▸ TASK DETAILS
Write out the records below from the first line through the line containing "Elicopter de salvare", leaving out any pictures.

(Items from a data source)
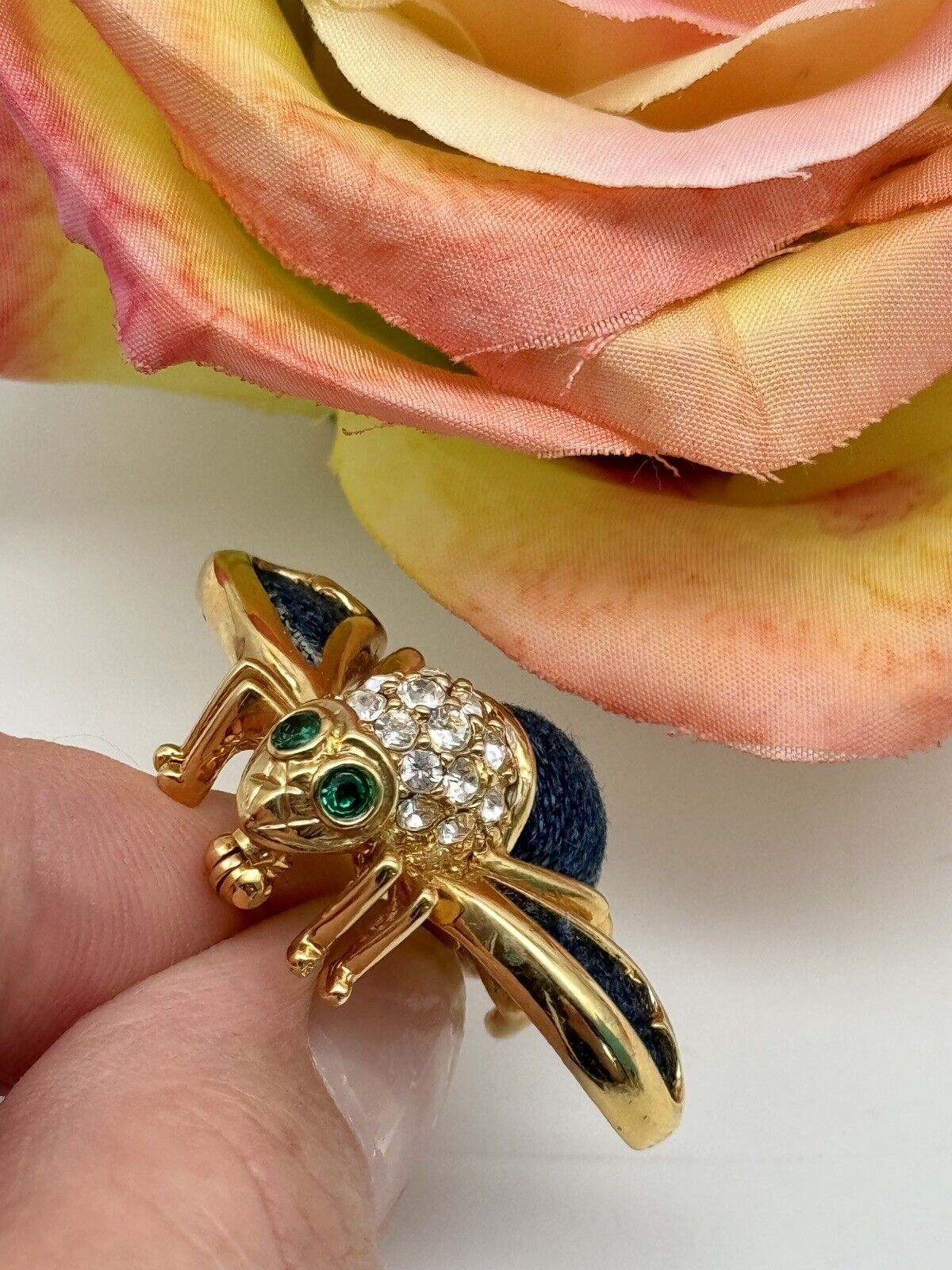 Joan Rivers Navy Jean Bee Brooch Rhinestone Goldtone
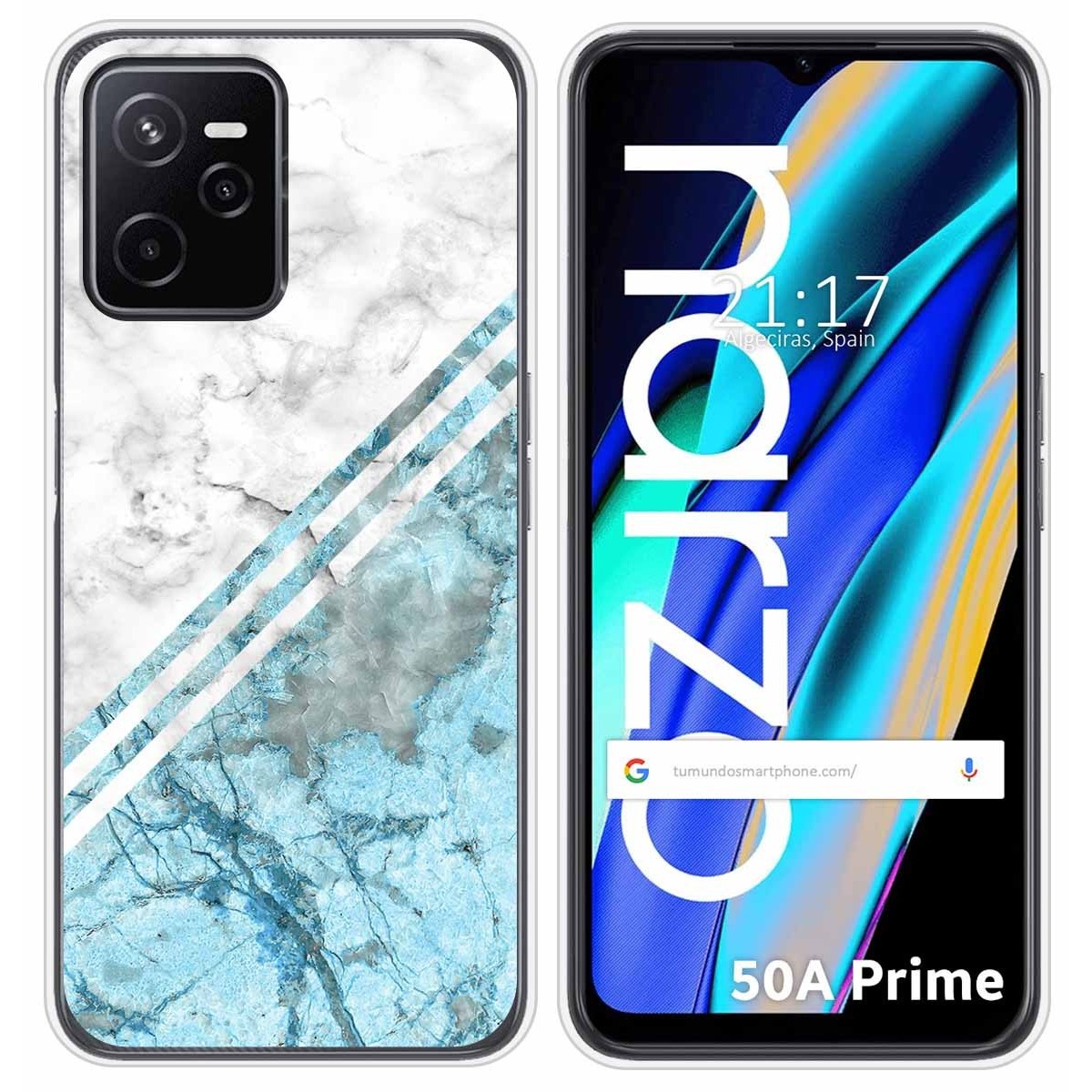 Funda Silicona para Realme Narzo 50A Prime diseño Mármol 02 Dibujos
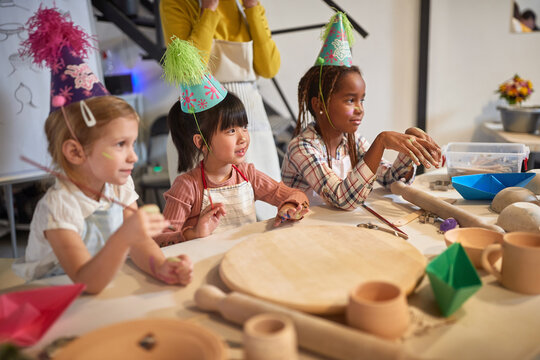 Happy kids are creative on a birthday party workshop.  Creative, hobby ,workshop  concept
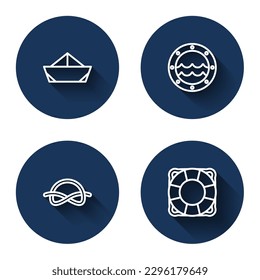 Set line Folded paper boat, Ship porthole, Nautical rope knots and Lifebuoy with long shadow. Blue circle button. Vector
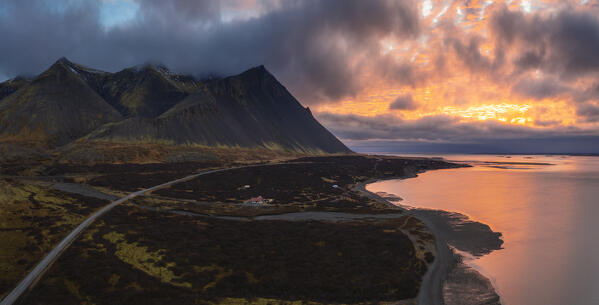 Aerial and panoramic view of Ring Road an Hafnarfjall mountain, Borgarnes, Borgarbyggo, Myrasysla, Vesturland, Iceland, Northern Europe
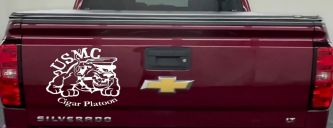 USMC Cigar Platoon Military Car or Truck Window Vinyl Decal Sticker (White)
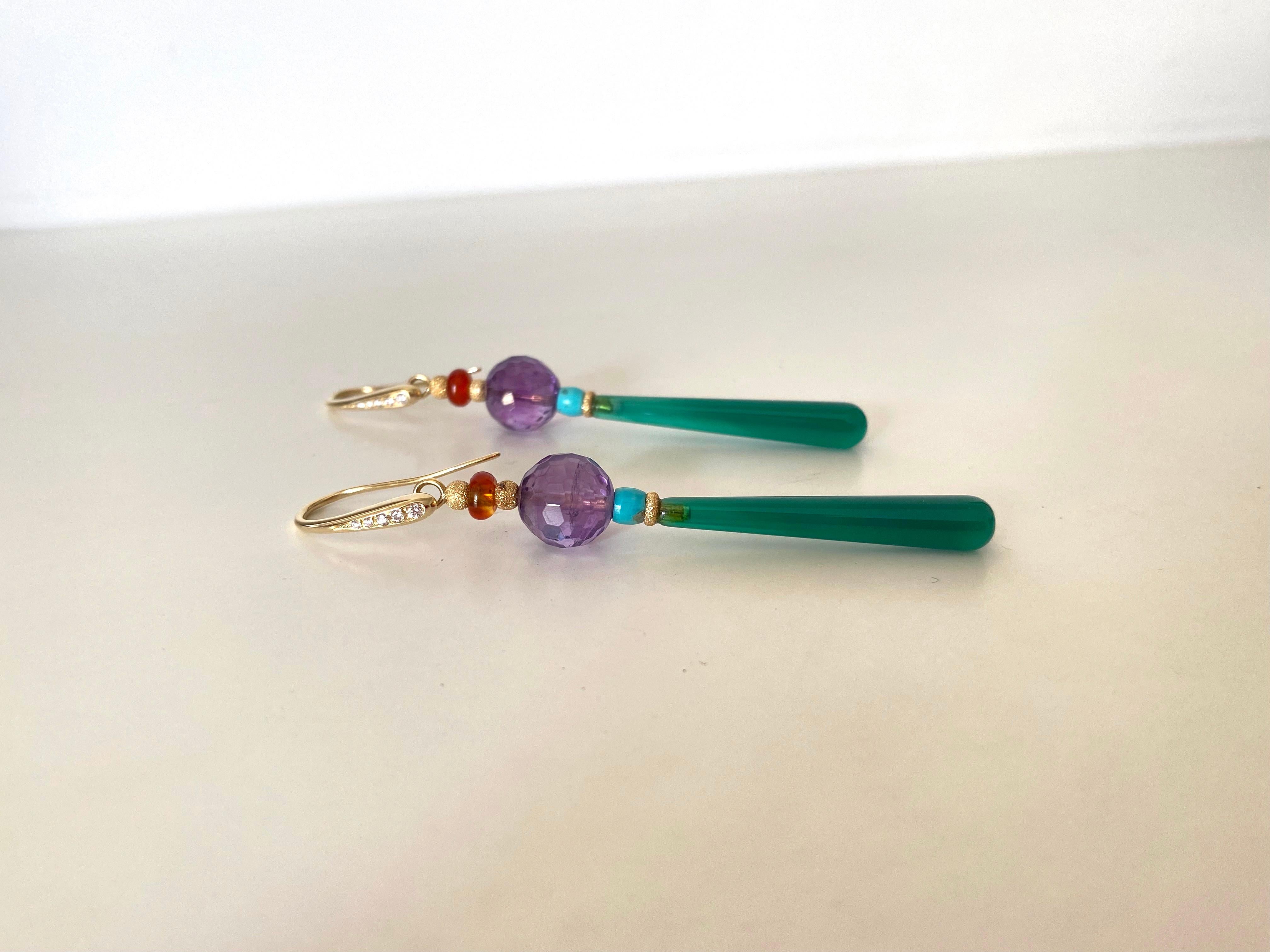 Art Deco Style Drops 18kt Gold 0.12kt Diamond Amethyst Turquoise Dangle Earrings For Sale 1
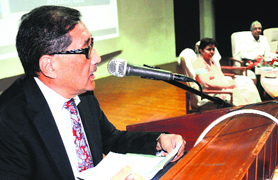 Ashok Thakur, Secretary, Higher Education, MHRD, addressed students and faculty of Punjab University at the Law Auditorium 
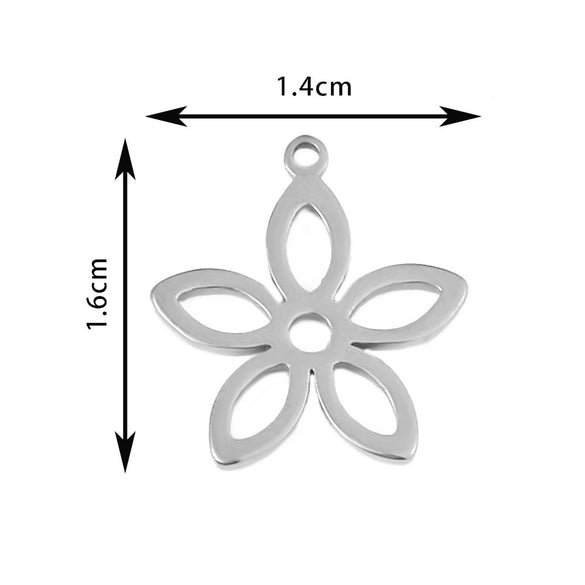 Wholesale Stainless Steel Floral Jewelry Accessories Pendant With Electroplating Hollow Rose Four Leaf Clover Tree Leaves Design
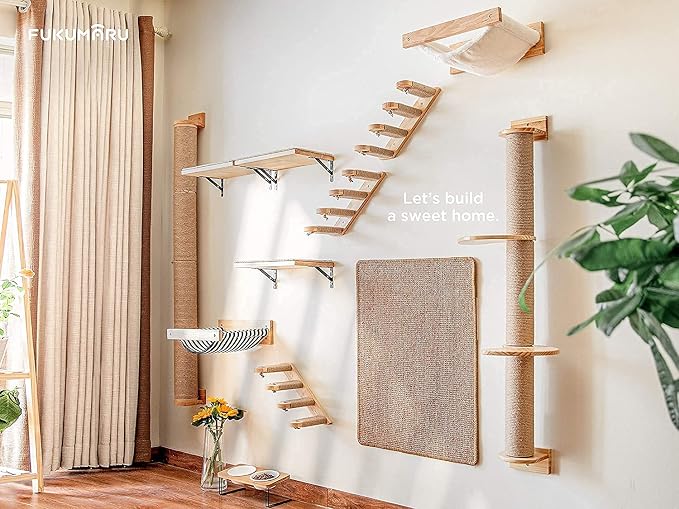 FUKUMARU Cat Activity Tree with Scratching Posts, Wall Mounted Jute Scratcher Pine Hammock | Solid Rubber Wood, Natural Jute Scratcher, Kitten Wall Furniture - Image 7
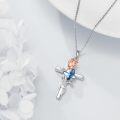 wholesale 925 Sterling Silver Blue Crystal Rose Cross Memorial Keepsake Pendant Necklace for Women-0-2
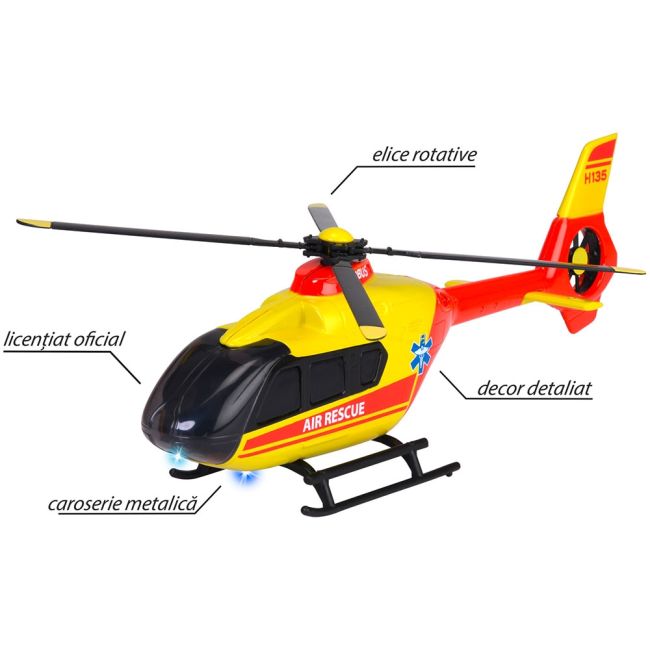 Elicopter de salvare majorette airbus h135 cu lumini si sunete hubs213713002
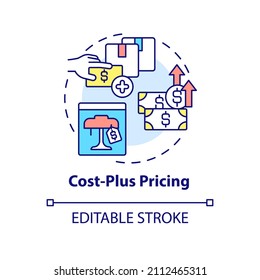 Cost-plus Pricing Concept Icon. Price Optimization Abstract Idea Thin Line Illustration. Markup Pricing. Isolated Outline Drawing. Editable Stroke. Roboto-Medium, Myriad Pro-Bold Fonts Used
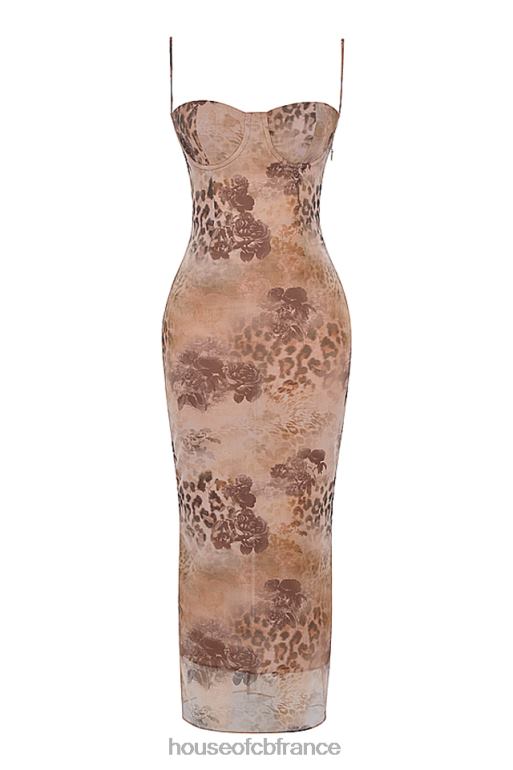 House of CB aiza - robe longue crème à imprimé fleuri N888H295 vêtements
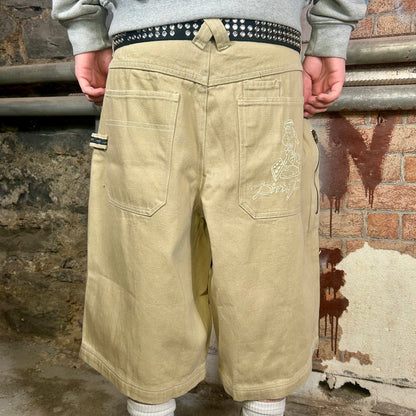BOFF « Dirty Dirty » Jean baggy beige à jambes larges (années 2000) - 91 cm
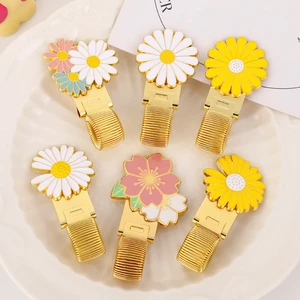 Spring Floral Metal Clip Pins Daisy Flower Design Office Stationery Notebook Accessories Daisy Durable Clip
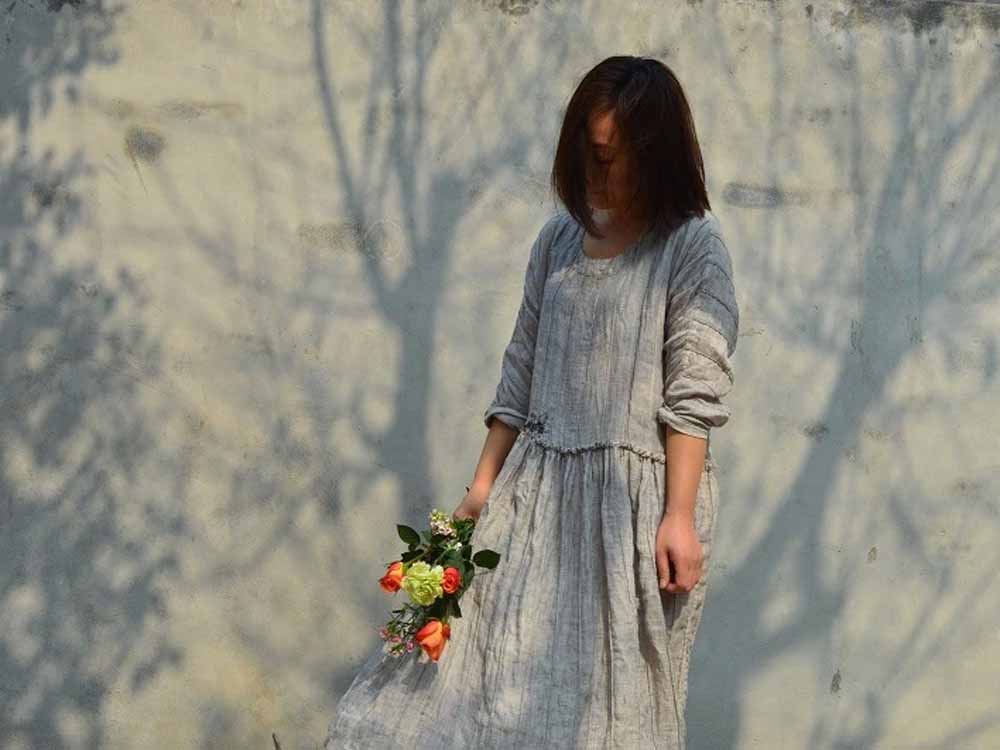 edoa Double Layered Pintucked Yarn dyed Linen Dress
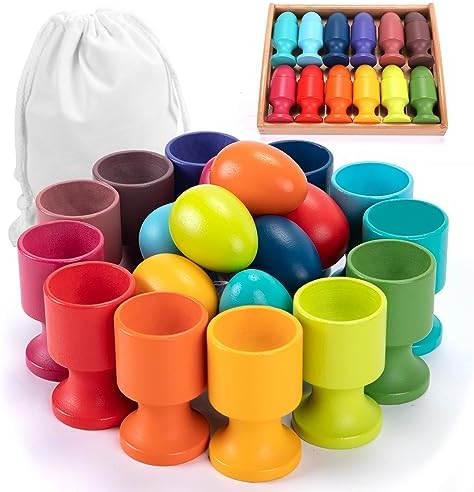 51HJd9Elc4L._AC_.jpg Montessori Holzspielzeug für 1-3 Jahre | 12 Holzeier mit Eierbechern | Motorik- und Sortierspiel für Kinder | Lernspielzeug für Ostern & Geschenke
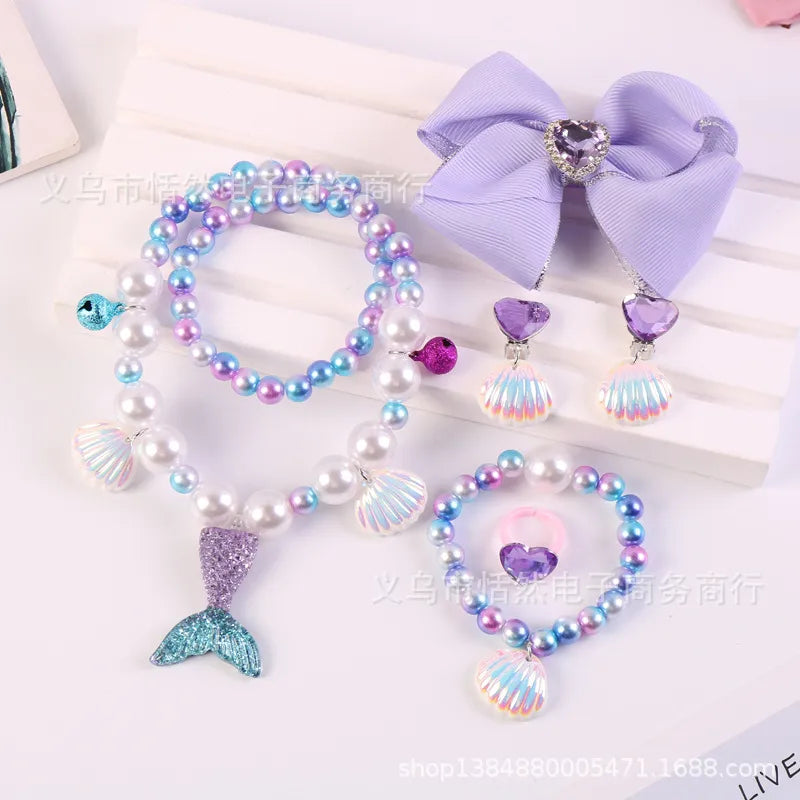 Children'S Necklace Mermaid Tail Pearl Necklace Bracelet Ring Earring Set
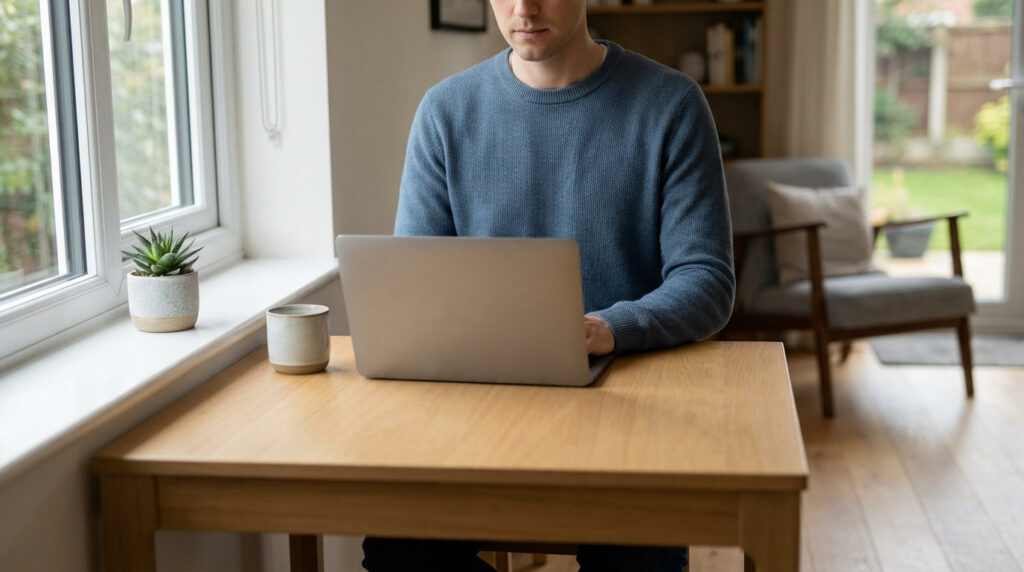 Homme en pull bleu travaillant sur un ordinateur portable à une table en bois près d'une fenêtre lumineuse avec plante et tasse.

▸ SOLVED EXERCISE
 Joan Rivers Navy Jean Bee Brooch Rhinestone Goldtone
 Funda Silicona para Realme Narzo 50A Prime diseño Mármol 02 Dibujos
 Happy kids are creative on a birthday party workshop.  Creative, hobby ,workshop  concept
 Set line Folded paper boat, Ship porthole, Nautical rope knots and Lifebuoy with long shadow. Blue circle button. Vector
 Aerial and panoramic view of Ring Road an Hafnarfjall mountain, Borgarnes, Borgarbyggo, Myrasysla, Vesturland, Iceland, Northern Europe
 USMC Cigar Platoon Military Car or Truck Window Vinyl Decal Sticker (White)
 Art Deco Style Drops 18kt Gold 0.12kt Diamond Amethyst Turquoise Dangle Earrings For Sale 1
 Ashok Thakur, Secretary, Higher Education, MHRD, addressed students and faculty of Punjab University at the Law Auditorium 
 Wholesale Stainless Steel Floral Jewelry Accessories Pendant With Electroplating Hollow Rose Four Leaf Clover Tree Leaves Design
 FUKUMARU Cat Activity Tree with Scratching Posts, Wall Mounted Jute Scratcher Pine Hammock | Solid Rubber Wood, Natural Jute Scratcher, Kitten Wall Furniture - Image 7
 wholesale 925 Sterling Silver Blue Crystal Rose Cross Memorial Keepsake Pendant Necklace for Women-0-2
 Elicopter de salvare majorette airbus h135 cu lumini si sunete hubs213713002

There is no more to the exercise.